The smell coming from the kitchen whilst these were cooking was wonderful. It smelt like a summer's day in the garden, which contrasted with the gloomy and chilly weather that was actually outside on this June day. These cupcakes, along with the jasmine and violet variations would go well at a BBQ, they seem to be the essence of summer, in cake form of course.
Having baked the cakes, they cooled on the side for a few hours whilst we were at the parent's for the birthday celebrations with the strawberries and cream cheesecake. On our return I whipped up the frosting for the cupcakes, using half the quantity stated as usual and set about spooning an equal amount of icing into the top of each cake. I got about 8 or so in when I realised I was going to colour the icing pink slightly, as they are in the cook book and to make them look a little less plain, considering I didn't have time to order in any of the candied rose petals the bakery use to finish theirs off.
Using my palette knife I scrapped the cupcakes off, icing back in the bowl and added a little red colouring, a few drops at a time, to get the right shade of pink I wanted. Off to icing them again, covering the little bit of white frosting that got left behind on the cupcakes as I went. I did debate about whether to make some little flowers out of rolled fondant to go onto the top of the cakes, something I thought would show off my skills and make them look even more irresistible but then decided it was too much work I was making for myself unnecessarily.
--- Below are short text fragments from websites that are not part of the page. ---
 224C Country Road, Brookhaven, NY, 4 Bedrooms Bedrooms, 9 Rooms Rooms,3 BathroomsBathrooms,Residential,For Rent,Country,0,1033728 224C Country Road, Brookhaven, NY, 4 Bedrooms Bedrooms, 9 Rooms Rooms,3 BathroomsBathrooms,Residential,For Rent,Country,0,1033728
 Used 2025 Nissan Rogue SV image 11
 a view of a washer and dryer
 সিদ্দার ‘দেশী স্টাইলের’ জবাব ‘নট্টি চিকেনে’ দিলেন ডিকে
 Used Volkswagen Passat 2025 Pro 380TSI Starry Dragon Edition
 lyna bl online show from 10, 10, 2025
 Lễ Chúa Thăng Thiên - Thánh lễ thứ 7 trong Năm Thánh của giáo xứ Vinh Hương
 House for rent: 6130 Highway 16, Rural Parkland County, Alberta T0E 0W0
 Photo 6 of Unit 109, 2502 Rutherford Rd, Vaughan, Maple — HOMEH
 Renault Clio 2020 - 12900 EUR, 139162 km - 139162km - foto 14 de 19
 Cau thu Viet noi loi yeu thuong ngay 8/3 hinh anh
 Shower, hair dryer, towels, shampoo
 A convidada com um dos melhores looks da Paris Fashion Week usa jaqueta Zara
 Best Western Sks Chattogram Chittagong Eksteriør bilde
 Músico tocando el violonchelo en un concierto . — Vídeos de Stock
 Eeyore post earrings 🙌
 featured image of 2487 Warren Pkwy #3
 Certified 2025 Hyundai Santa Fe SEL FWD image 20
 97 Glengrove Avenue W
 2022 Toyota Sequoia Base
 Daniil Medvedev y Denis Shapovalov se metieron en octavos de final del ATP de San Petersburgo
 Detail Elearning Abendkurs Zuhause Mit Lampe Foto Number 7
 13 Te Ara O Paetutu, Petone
The slight pink hue to the icing looked pretty enough as it was any way.
All frosted it was time for a well deserved cup of tea and, of course, a cupcake to accompany it. The icing did smell a little strong when I was finishing the cupcakes and I wondered if it would be a little overpowering come tasting time. It was not though, the icing wasn't as strong as expected and it complimented the delicate flavour of the sponge well. Everyone who has tried a Rose cupcake seems to like them, its not a taste most have tried or are against trying either. These are a lovely unusual flavour for a cupcake and I am very much looking forward to trying the two variations of this recipe now.